On Feb. 15, two students from Algonquin College‘s Documentary Production program (Suma Suresh and Christian Roblin) along with four Civil Engineering Technology students & their teacher (Matt Philip, Shane Barteaux, Marek Szymborski, Brian Watson & John Barteaux) landed in Haiti to participate as volunteers and journalists alike. Hosted by Save the Children, the engineering students were there to train Haitians in building Housall shelter systems, all the while being captured on film with gear rented from Vistek.
Save The Children will be using the completed documentary for fund raising and plan to air the documentary on regional and local broadcast outlets. There are also plans to enter the Save the Children documentary in student and other film festivals.
Blog Entry 1: February 14, 2010
On a cold Sunday morning we meet at the Ottawa Airport. As soon as I walk in the door and take a look at the massive amount of gear we have, the reality of our situation hits me. This is a going to be a challenge. After one final cigarette, I pop the first of 22 malaria pills and embark on the 16 hour trek To Santa Domingo.

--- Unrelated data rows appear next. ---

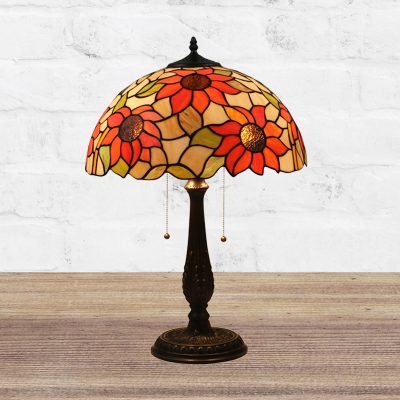 2-Head Desk Lighting Victorian Stained Art Glass Pull Chain Night Light in Bronze with Sunflower Pattern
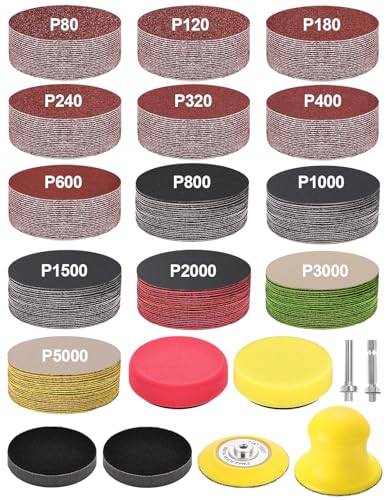 Wewink Plus 268pcs Kit de Disques Abrasifs 75mm, Grain 80-5000 Papier Abrasif Crochet et Boucle avec Plateau Support 1/4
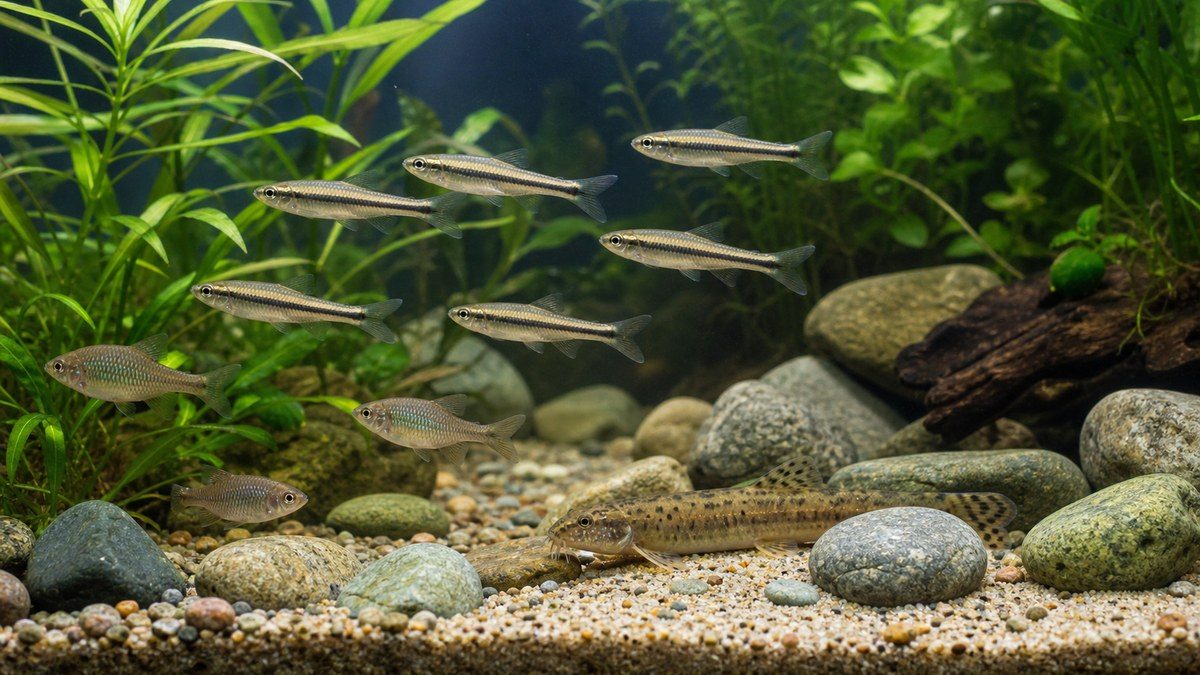 モツゴと相性のよい日本淡水魚の混泳水槽画像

It is interesting to note that our instructor, Peter Biesterfeld, is NOT going to Santa Domingo and then crossing overland into Haiti. He will be flying to Miami, meeting with our handlers, and then flying directly into Port-au Prince on a cargo Plane carrying all Houseall shelters. The thought of Peter sitting in cargo netting with a Camera in hand brings one his favorite saying to mind: “You’ve got to be ON IT!”
Just before we are about to leave Peter, Miles casually mentions to him that the cargo plane is 11, 000 pounds overloaded. Truly a Kodak moment.
The ins and the outs of that trek are nothing to write home about.
Stop. Take off shoes and belt. Go. Wait. Stop. Take off shoes and belts, fill out form, struggle with mountain of gear. Go. Wait
Finally, the crew lands in Santa Domingo. After another massive struggle with gear, we’re whisked away in taxi van for a ride I am sure the crew will never forget. Stop signs, yellow lines dividing the road and speed limits seem to be just for show in the Dominican Republic. Almost able to see his heart in his throat, I tell our young engineering colleague Matt that it is best to just sit back, throw some Pink Floyd on his iPod, close his eyes and not think about it.
At 11 p.m, I am surprised when we pull up to a ritzy Holiday Inn (right beside a taco bell and McDonald’s). I was under the assumption we were grabbing an overland convoy to Haiti that night, but Miles Kennedy (our Houseall lead) made the arrangements after the 16 hour flight time finally hit him.
So, again, we wrestle the mountain of gear upstairs into our rooms, sample the minibar briefly, order a hamburger from room service and crash. All the modern conveniences conflict in my mind as I think of the journey to come.